The reason I’m devoting my column to this tired, overplayed topic to remind all of us just how rare her experience is. Now, let’s briefly review what Mayer has accomplished in less than a year as Chief Yahoo, in no particular order. She recruited a new CFO & COO. She added Max Levchin to the Board (which again, was originally shaken up by Loeb). She helped engineer a partial sale of Yahoo’s position in Alibaba, netting the company much-need liquidity. She helped steer a redesign of the main homepage and taken steps toward personalization of the newsfeed — anyone who has helped redesign a site even for a small company knows how political this task can be. She closed the acquisitions of Stamped, Snip.it, and OntheAir, smartly scooping up excess talent, especially for mobile, in an environment that has too many fledgling and inconsequential startups to begin with. She is drawing more positive attention for Yahoo! than anyone before her, even using Twitter and Flickr herself to communicate with the community. She improved cafeteria conditions (which also makes it more inviting for visitors). She gave employees iPhones. In about eight months since her installment as CEO, Yahoo’s market cap is up roughly 25% with around $4B in liquid assets and fewer than the 14,000+ employees she began with — and that number may come down again as her new “Work From Work” policy takes effect.

The facts above speak for themselves. In less than a year, Mayer has engineered a series of small victories on what could be a very long journey to turning around the big ship that is Yahoo. It may not even be possible to turnaround, but things are much better now. In the future, I’d broadly expect to see further downsizing (including parts of international), more data partnerships alongside their existing relationship with Facebook, many more talent acquisitions as seed-funded companies slowly die off, which will hopefully tie-in to investment in their mobile app ecosystem to extend their consumer-facing brands globally. For instance, given how hard mobile app distribution is today, Yahoo’s audience and brand could drive even more downloads on both iOS and Android if the company properly invested in this direction.
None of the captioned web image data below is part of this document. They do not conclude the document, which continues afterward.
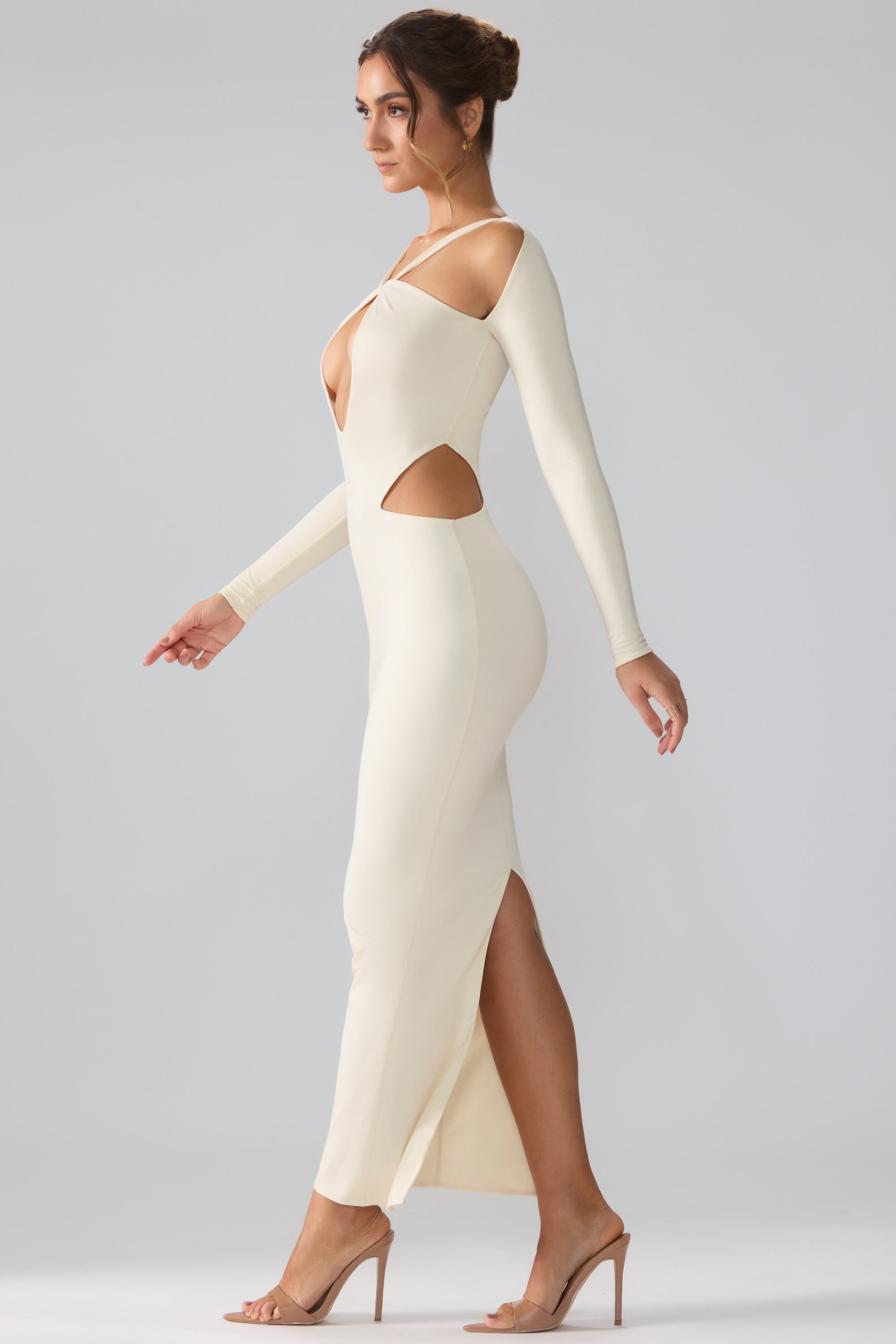 Premium Jersey Long Sleeve Cut Out Maxi Dress in Ivory、mySite、solidvoid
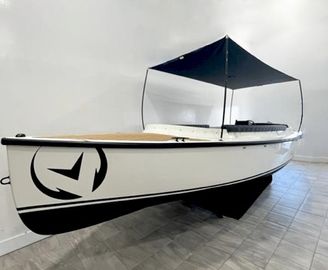 2023 Vision Marine Technologies Fantail 217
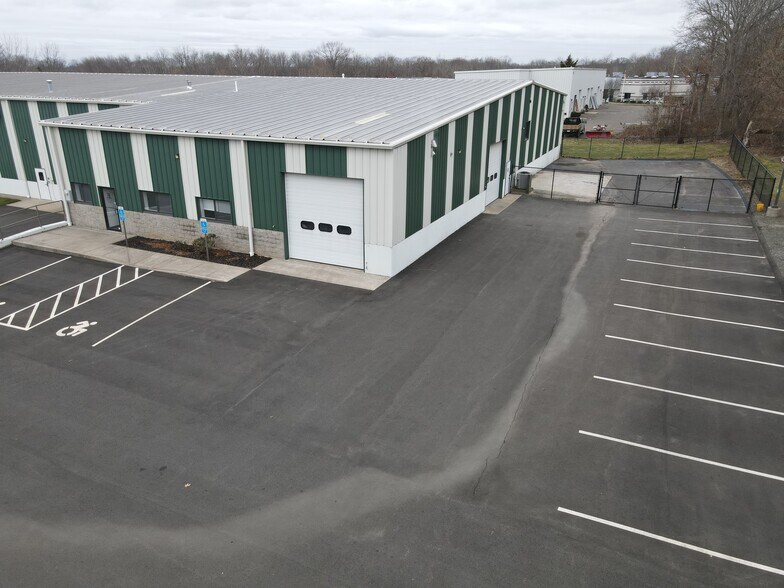 More Photos Of 6 Sycamore Way, Branford Warehouse For Lease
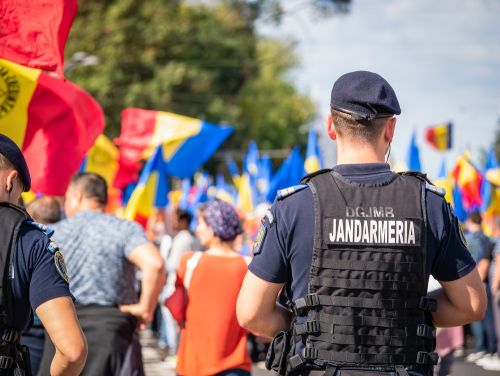 Protest al pensionarilor militari la București pentru drepturi egale la pensii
Of course, on Quora there are great, detailed threads with suggestions for Yahoo’s CEO and if it can be saved at all.

Yahoo is a $20B that makes about $1B/year in profit. And, it has been in turbulent waters for years. Now, for the past eight months under the stewardship and steering of Mayer, Yahoo seems to be a good track relative to years past. This isn’t your average turnaround situation. Yahoo is a big ship that will take many more months to turn direction. We don’t know where the winds will take the company, but if the last eight months are any indication, I’m optimistic.

Interestingly, it’s Mayer’s presence that intensifies all the chatter. The Valley — and the world — cannot help but watch, which reinforces the fact that despite what popular sentiment may say, Yahoo! still matters to the web and still matters to the Valley, at least for now. But, Yahoo! needs to be turned-around and reinvented. This is Mayer’s clear purpose, and therefore she has the implicit mandate to engineer this by any means necessary. She’s trying to fix morale and culture in her own way. We can expect further reductions in force. She and the company are also under pressure to create a new property to demonstrate Yahoo! can still create. From my point of view, it will be exciting to see unfold, and I have no doubt when her tenure is complete, Mayer will have left Yahoo! in significantly better than shape than we she inherited it.